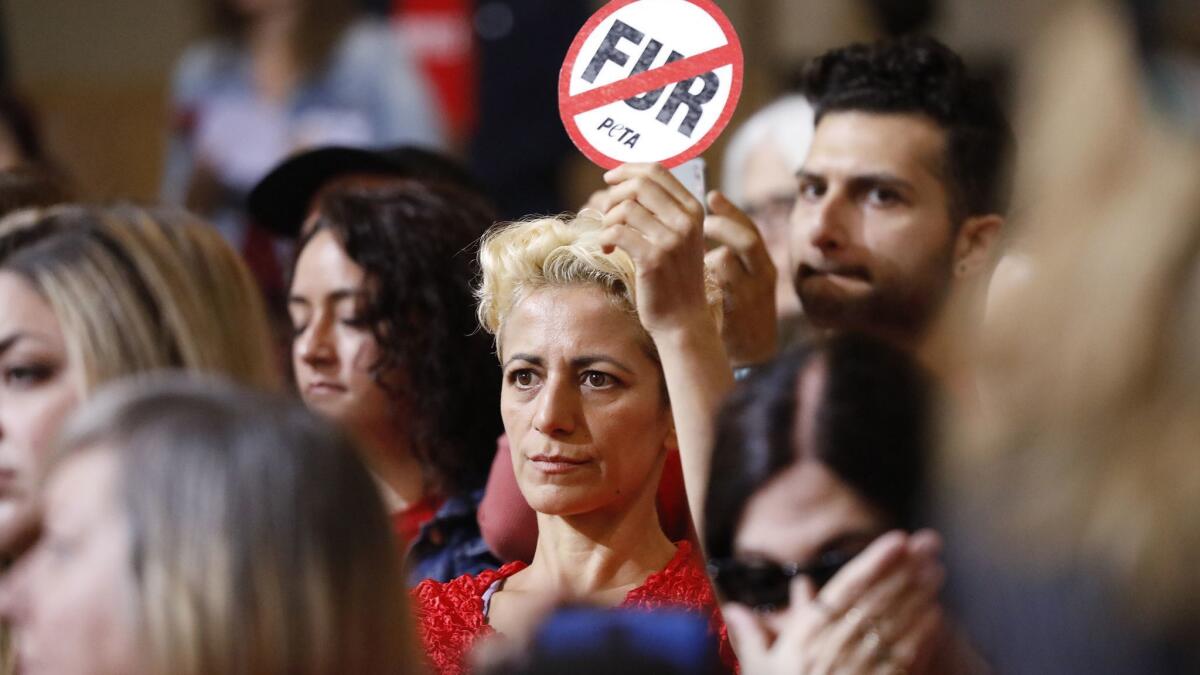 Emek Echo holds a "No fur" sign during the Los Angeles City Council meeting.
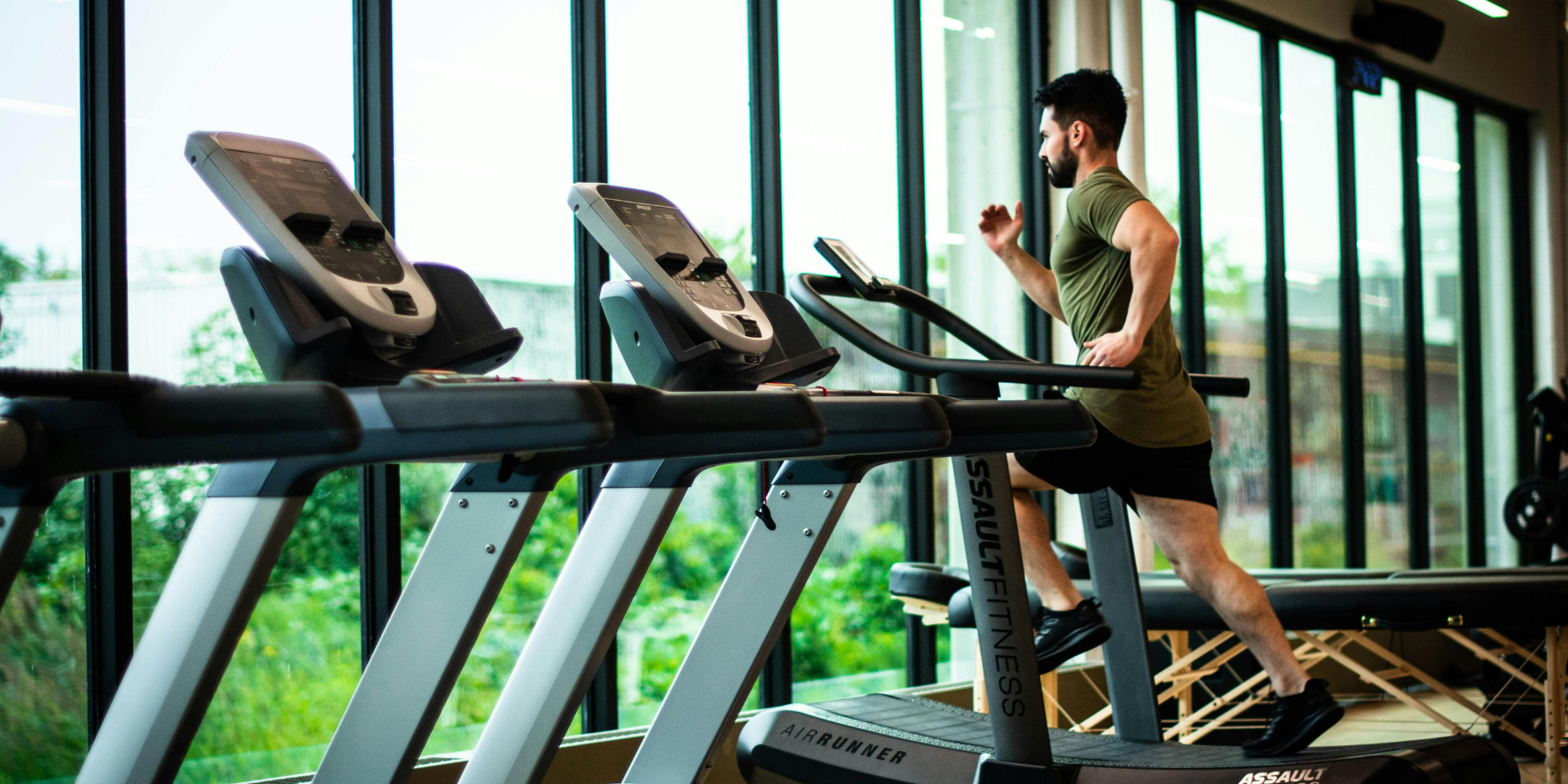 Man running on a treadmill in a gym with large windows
· · · ·
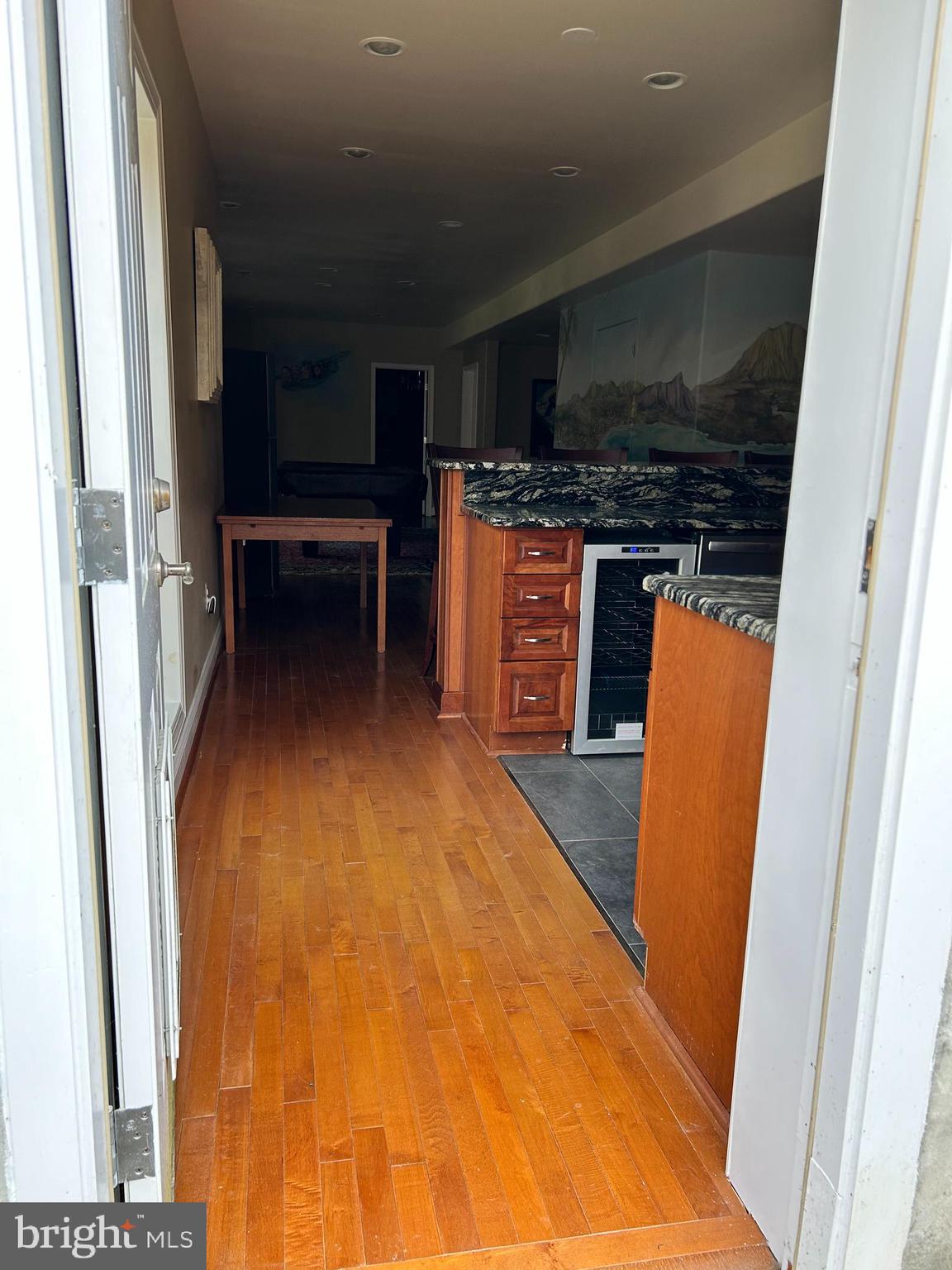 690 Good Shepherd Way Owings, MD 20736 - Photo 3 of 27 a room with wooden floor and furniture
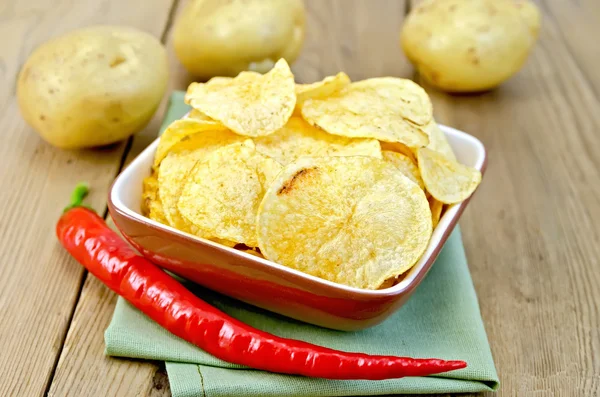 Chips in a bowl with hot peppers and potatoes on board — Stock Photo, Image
· · · ·
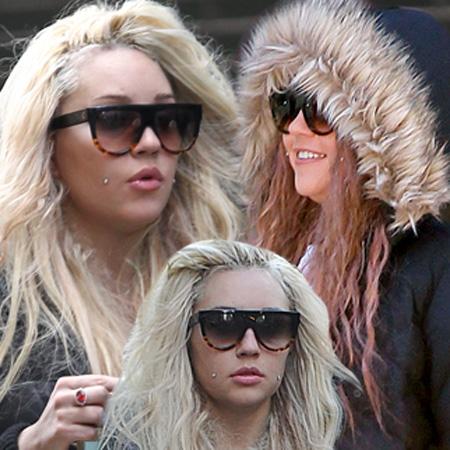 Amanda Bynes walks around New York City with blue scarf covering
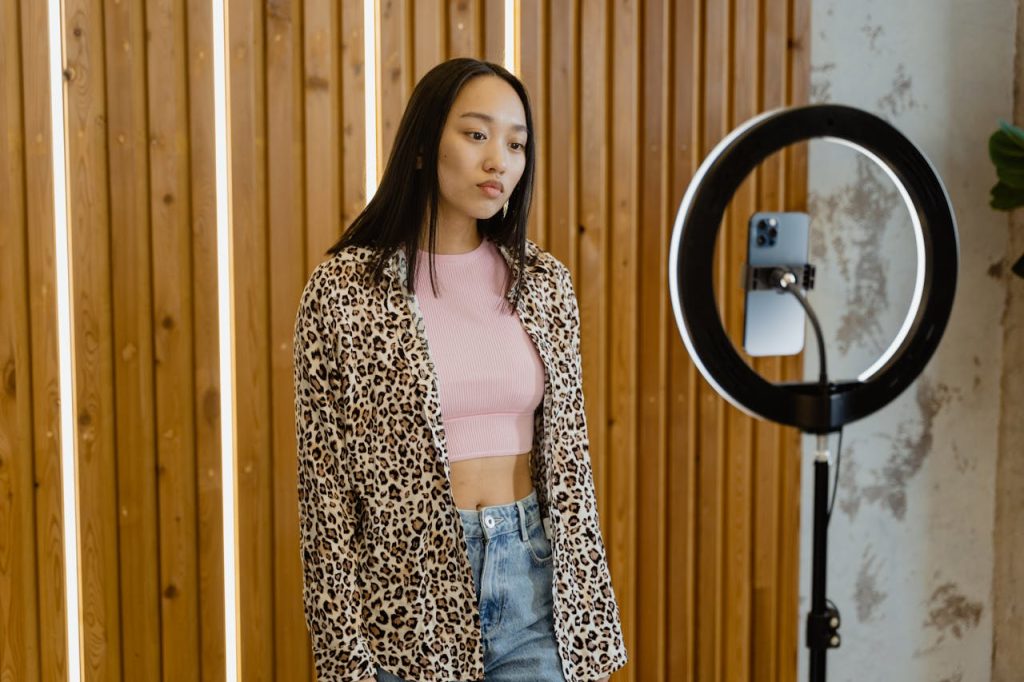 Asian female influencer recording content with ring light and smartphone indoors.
· · · ·
◆ **What to produce**:
Keep to the stretch from the line containing "Amanda Bynes walks" through the line containing "Asian female influencer", both ends included, and copy it exactly from the listing above, minus the pictures.

◆ **Answer**:
 Amanda Bynes walks around New York City with blue scarf covering
 Asian female influencer recording content with ring light and smartphone indoors.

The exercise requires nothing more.